While we do not want to dismiss fears about technology replacing workers, we also urge policy makers, businesses and the public to think about the alternatives. If we fall further behind in productivity and the adoption of new technologies, then future investment decisions will not follow. Businesses, investment and jobs will move overseas. The UK’s low automation adoption is part of our lagging productivity, especially for SMEs, which is preventing a much-needed rise in economic growth, wages and living standards. Efforts to remedy this has been slow. The abolition of the Manufacturing Advisory Service has left businesses unsure where to look for support, while the Made Smarter Review has shown potential but has so-far been restricted to a single regional pilot.

The UK missed its chance to lead on developing industrial automation, but it should be adopting it. Where we have a new chance to lead and succeed is with service robotics and in AI, but only if we are supporting British businesses and researchers to innovate. The Government needs to provide support for businesses, through research funding and incentives for investment, and for academia, by ensuring our universities have access to researchers, investment and projects from around the world.

The school curriculum has become increasingly narrow in recent years. Yet, the areas in which people have a competitive and absolute advantage over robots is in the in creative industries, design and areas where human interaction is essential. Education and lifelong learning will be crucial to allow workers to retrain in areas where jobs will likely be creates in the years to come, and where tasks are at low risk of automation. We know already that there will be demand for STEM subjects, enabling people to design, build and programme the robotics, automation and data technologies required for the Fourth Industrial Revolution. But we also know that many of the technologies and jobs that people in education now will now have the chance to access in the future are yet to exist. A flexible and relevant school and university curriculum, as well as a large-scale expansion of lifelong learning and reskilling are essential and ensure opportunities don’t just fall to those with the ‘right’ degrees and skillsets, and enables the UK to improve on the only 17 per cent female workforce in the technology sector.

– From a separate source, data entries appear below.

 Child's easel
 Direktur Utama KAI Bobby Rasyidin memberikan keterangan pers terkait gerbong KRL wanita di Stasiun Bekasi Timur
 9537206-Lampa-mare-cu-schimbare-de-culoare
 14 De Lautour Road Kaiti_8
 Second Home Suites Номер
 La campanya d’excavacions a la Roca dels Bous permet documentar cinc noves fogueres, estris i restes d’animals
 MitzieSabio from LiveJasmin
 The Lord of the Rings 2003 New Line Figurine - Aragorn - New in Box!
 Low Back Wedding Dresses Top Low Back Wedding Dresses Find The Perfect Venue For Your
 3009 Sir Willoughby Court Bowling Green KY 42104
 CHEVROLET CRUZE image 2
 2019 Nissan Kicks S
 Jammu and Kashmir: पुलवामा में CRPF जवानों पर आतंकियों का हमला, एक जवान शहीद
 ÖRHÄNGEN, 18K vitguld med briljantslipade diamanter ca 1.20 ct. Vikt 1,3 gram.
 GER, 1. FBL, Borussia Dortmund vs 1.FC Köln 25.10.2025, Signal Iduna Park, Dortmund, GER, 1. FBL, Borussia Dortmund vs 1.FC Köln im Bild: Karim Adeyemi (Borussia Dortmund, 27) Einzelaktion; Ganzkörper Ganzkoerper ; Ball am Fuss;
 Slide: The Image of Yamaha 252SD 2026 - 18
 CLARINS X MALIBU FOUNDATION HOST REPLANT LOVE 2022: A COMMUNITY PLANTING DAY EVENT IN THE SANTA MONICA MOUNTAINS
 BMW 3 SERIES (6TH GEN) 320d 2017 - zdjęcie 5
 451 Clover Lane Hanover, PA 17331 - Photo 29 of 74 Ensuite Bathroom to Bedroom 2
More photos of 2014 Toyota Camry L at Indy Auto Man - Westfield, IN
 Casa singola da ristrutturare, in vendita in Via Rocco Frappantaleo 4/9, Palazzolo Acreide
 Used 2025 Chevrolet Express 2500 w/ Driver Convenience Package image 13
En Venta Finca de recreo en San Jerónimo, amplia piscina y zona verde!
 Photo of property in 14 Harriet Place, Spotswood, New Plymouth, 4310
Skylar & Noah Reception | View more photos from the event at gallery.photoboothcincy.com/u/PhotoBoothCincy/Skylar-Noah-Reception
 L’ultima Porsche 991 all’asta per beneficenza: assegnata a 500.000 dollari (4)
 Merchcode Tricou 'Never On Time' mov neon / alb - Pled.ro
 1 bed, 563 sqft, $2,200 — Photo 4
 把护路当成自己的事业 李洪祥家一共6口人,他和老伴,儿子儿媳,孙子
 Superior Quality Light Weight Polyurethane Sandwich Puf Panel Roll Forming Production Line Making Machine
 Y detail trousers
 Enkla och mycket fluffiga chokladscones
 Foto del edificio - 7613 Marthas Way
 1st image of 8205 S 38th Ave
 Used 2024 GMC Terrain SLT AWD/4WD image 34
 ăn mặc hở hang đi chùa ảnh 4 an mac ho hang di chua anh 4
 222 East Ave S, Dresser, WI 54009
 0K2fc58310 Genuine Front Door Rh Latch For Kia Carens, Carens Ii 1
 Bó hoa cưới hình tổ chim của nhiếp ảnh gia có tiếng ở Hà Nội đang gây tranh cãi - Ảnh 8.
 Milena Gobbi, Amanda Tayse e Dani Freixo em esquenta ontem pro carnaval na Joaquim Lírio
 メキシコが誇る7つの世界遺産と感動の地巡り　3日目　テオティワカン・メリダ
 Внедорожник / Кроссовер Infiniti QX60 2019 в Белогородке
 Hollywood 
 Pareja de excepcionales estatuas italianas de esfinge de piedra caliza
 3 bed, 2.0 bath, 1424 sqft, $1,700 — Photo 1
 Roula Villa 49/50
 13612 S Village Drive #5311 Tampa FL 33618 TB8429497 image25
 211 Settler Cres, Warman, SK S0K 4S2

The ownership and use of new technologies, processes and robots is likely to make businesses richer and more powerful. For a fairer society it is important that we consider ownership models of technologies whilst being cautious not to stifle innovation. We have seen from previous inquiries that the practices of businesses such as Amazon and Uber can lead to workers being exploited by increasingly monopolistic firms who earn huge returns that do not flow back to the workers who help create that wealth. More co-operative ownership models, as well as greater employee engagement, stronger employment legislation and a fairer corporate tax regime are key to ensure public support for the benefits of a growth in automation, a rise in living standards and a fair economy and society.